Defect formation and evolution in TeO2-containing borosilicate glass films derived from a sol-gel process.

Abstract

Defects in glasses, such as the paramagnetic E' (a singly charged oxygen vacancy), the hydrogen-related doublets with different splittings, and the NBOHC's (nonbridging oxygen hole centers), are generally induced by irradiating the glasses with highly energetic photons (particles) or laser beams.
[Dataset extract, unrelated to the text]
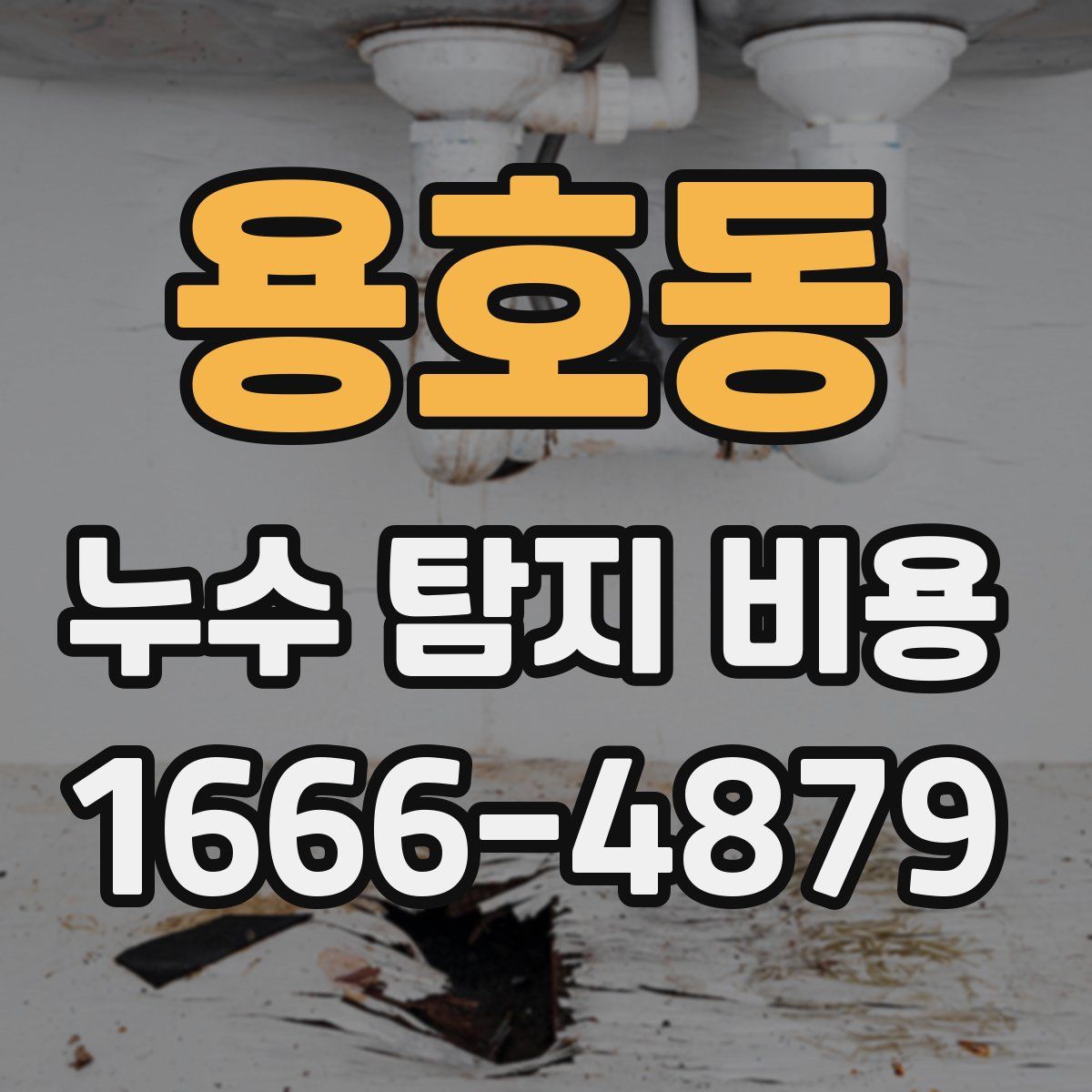 용호동 누수 탐지 비용
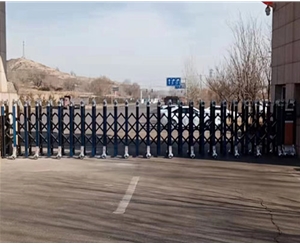 龍泉能源電動(dòng)伸縮門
We find in the present work that the paramagnetic Te E' and hydrogen-related doublets with a splitting of 1.1, 7.4, and 11.9 mT can be produced by heating the sol-gel derived ${\mathrm{SiO}}_{2\mathrm{\ensuremath{-}}}$${\mathrm{B}}_{2}$${\mathrm{O}}_{3}$-${\mathrm{TeO}}_{2}$ glass films in a hydrogen atmosphere. Optical color centers were also induced at 3.6, 4.0, and 4.2 eV, depending on the heat treatment conditions during the reducing process. On heating the reduced films in air, the paramagnetic NBOHC's occurred together with two optical absorption bands at 2.2 and 5.5 eV. The hydrogen-related defects can be clearly divided, by their different responses to the microwave power, into two groups. One includes the 1.1- and 7.4-mT doublets, which were recognized to be a variant of the Te E' center, and the other consists of the 11.9-mT doublet, which was a different defect species from the Te E' center. The Te E', 1.1-, and 7.4-mT doublets were found to be bleached more easily than the 11.9-mT doublet at a high temperature in the hydrogen atmosphere. The observed optical absorption bands at 3.6, 4.0, and 4.2 eV were tentatively attributed to some neutral oxygen vacancies on tellurium atoms in the structure, while the optical bands at 2.2 and 5.5 eV were assigned to the NBOHC's.